• Instructions for the task: From the listing below, copy only the lines running from the line that contains "Matcha set, Japanisches" to the line that contains "Mother of Pearl", both included.

• Record set:
※ ※ ※

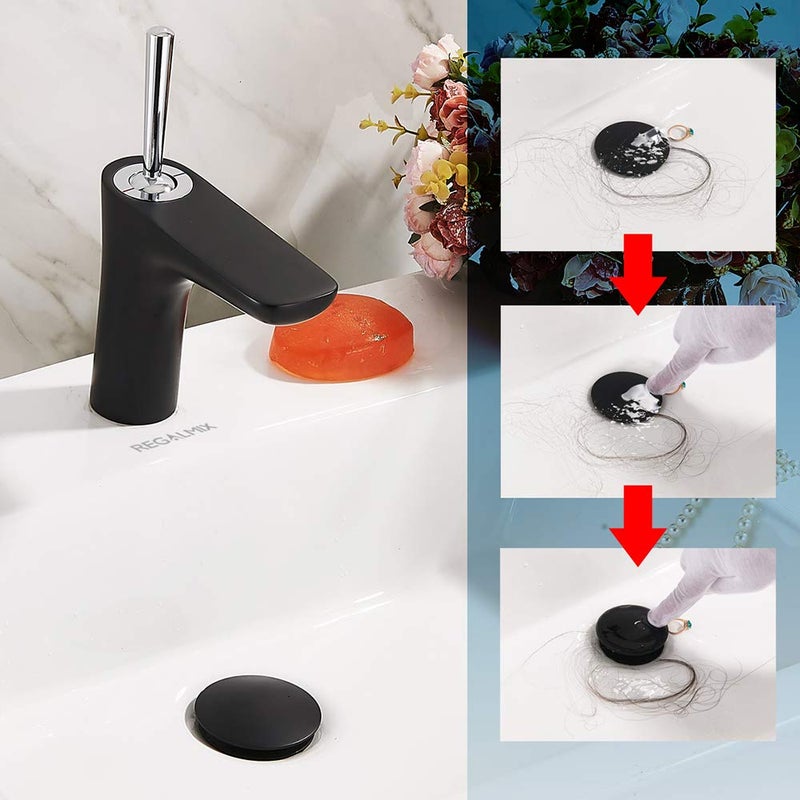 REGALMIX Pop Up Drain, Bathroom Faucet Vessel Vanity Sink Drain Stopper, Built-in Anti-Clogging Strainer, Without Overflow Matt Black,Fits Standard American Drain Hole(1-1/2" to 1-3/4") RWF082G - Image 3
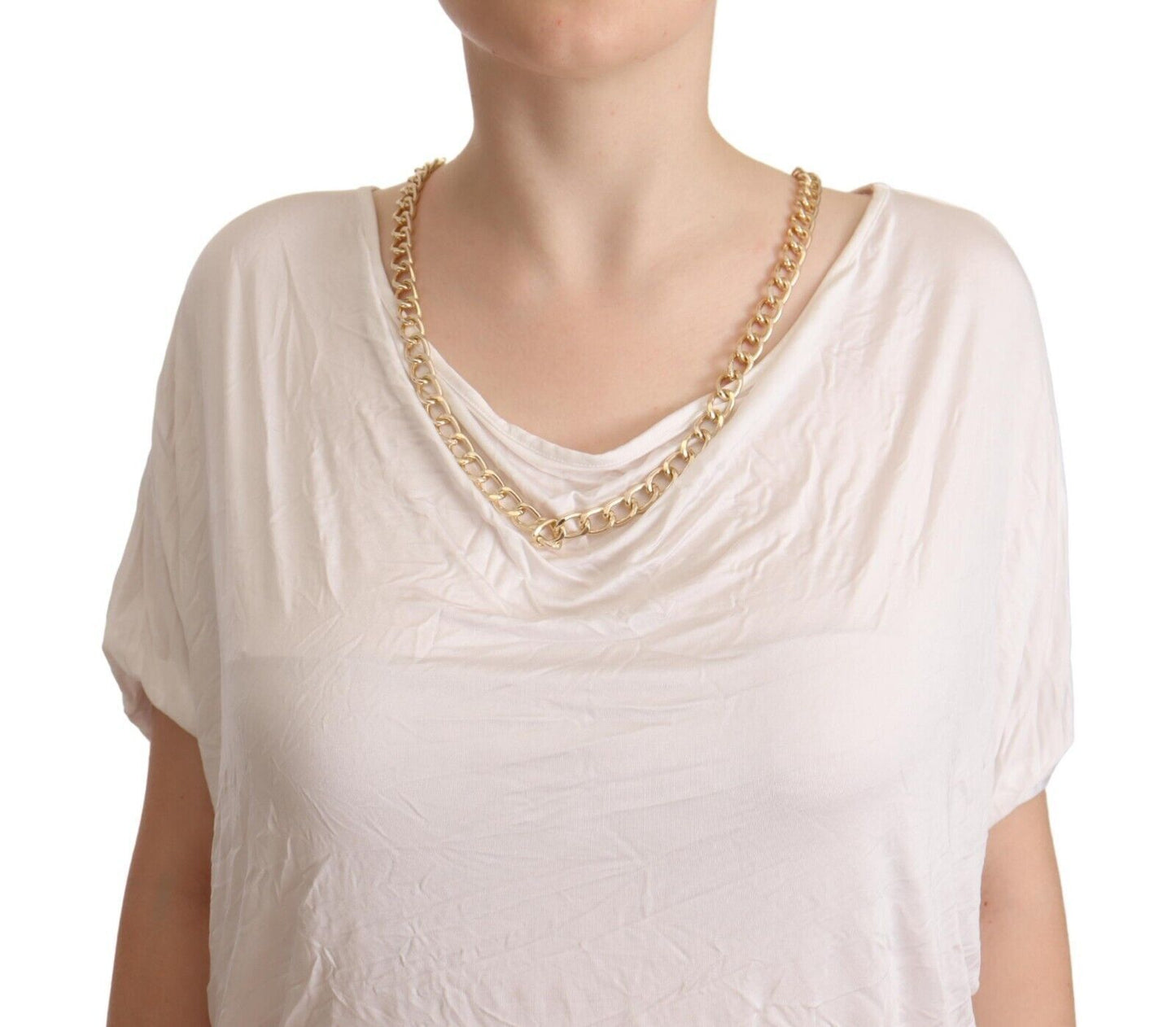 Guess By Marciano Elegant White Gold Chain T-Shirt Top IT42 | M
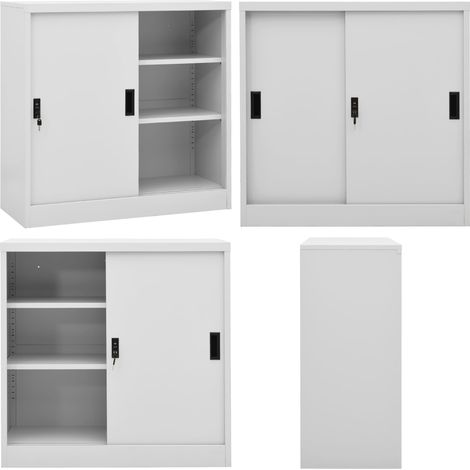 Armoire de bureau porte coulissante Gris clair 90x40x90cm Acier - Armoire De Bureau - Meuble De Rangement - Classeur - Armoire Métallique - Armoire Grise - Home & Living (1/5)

※ ※ ※

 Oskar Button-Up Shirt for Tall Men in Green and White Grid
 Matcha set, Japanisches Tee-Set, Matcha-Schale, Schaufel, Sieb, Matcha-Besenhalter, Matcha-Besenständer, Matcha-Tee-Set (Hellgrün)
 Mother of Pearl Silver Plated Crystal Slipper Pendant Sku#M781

※ ※ ※

• Written response:
 Matcha set, Japanisches Tee-Set, Matcha-Schale, Schaufel, Sieb, Matcha-Besenhalter, Matcha-Besenständer, Matcha-Tee-Set (Hellgrün)
 Mother of Pearl Silver Plated Crystal Slipper Pendant Sku#M781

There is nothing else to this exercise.